I've received letters notifying me of data breaches in the past. In the end, I've never signed up for the offered protection service, figuring if "they" can hack Target or ADP or the IRS, they can hack anybody, like... Equifax.
And now Equifax has been hacked.
My family's Social Security Numbers were stolen from a hospital database. I think that information, plus public information was used to gain further data from the IRS FAFSA tool. (we got a letter from the IRS). Ultimately, fraudsters used whatever data they had to file a tax return with the IRS and with the Cali FTB (we don't and never have lived in California). We got letters from both, and managed to stop the fraud before it really impacted us...other than having to file a paper tax form this past tax season.
Anyway... in a world where Equifax gets hacked: the only solution is:
- Don't use credit. At all. Any credit puts your information at risk.
- give NO ONE your social security number. No one.
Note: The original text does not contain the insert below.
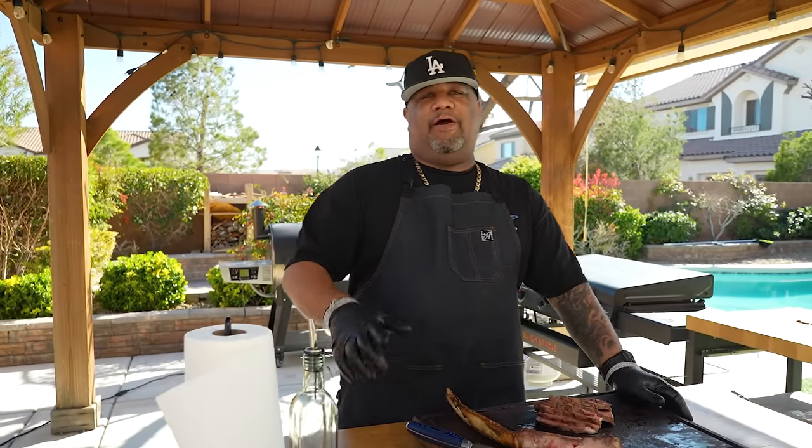I want you guys to let me know down in the comments what you would do, and answer this question: how come I didn't use pepper? With that being said, thank you for watching this video. Don't forget to like, smash that subscribe button, and tell everybody there's a channel out here that's simplifying these recipes and taking the mystery out of cooking. Peace!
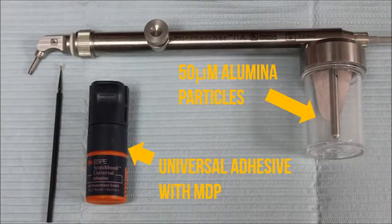The armamentarium for preparing a zirconia crown for bonding is alumina particles and an adhesive or primer that contains the molecule MDP. In this case, we will use the universal adhesive Scotch Bond Universal.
I don't bother with the crazy password schemes you talk about... I have a few different passwords I use, but most my investment accounts use the same username and password.
It's all about risk. Bruce Schneier says the same thing. The amount to spend on security should depend on what you're trying to protect. I don't care much if somebody gets into my google account, because I have a google account just because I have to. I barely use it at all. Similarly my yahoo account. My yahoo account uses my "insecure password", and my investment accounts use my "secure password". Credit Card info? Meh. Unless they get into the credit card company database, which undoubtedly has my Social Security Number, it's not that big of a deal. Yeah, they can make fraudulent charges, but there are legal protections, so in theory I can't be out any money.
So think this way: what's the risk, and what's the appropriate level of effort to take to mitigate that risk.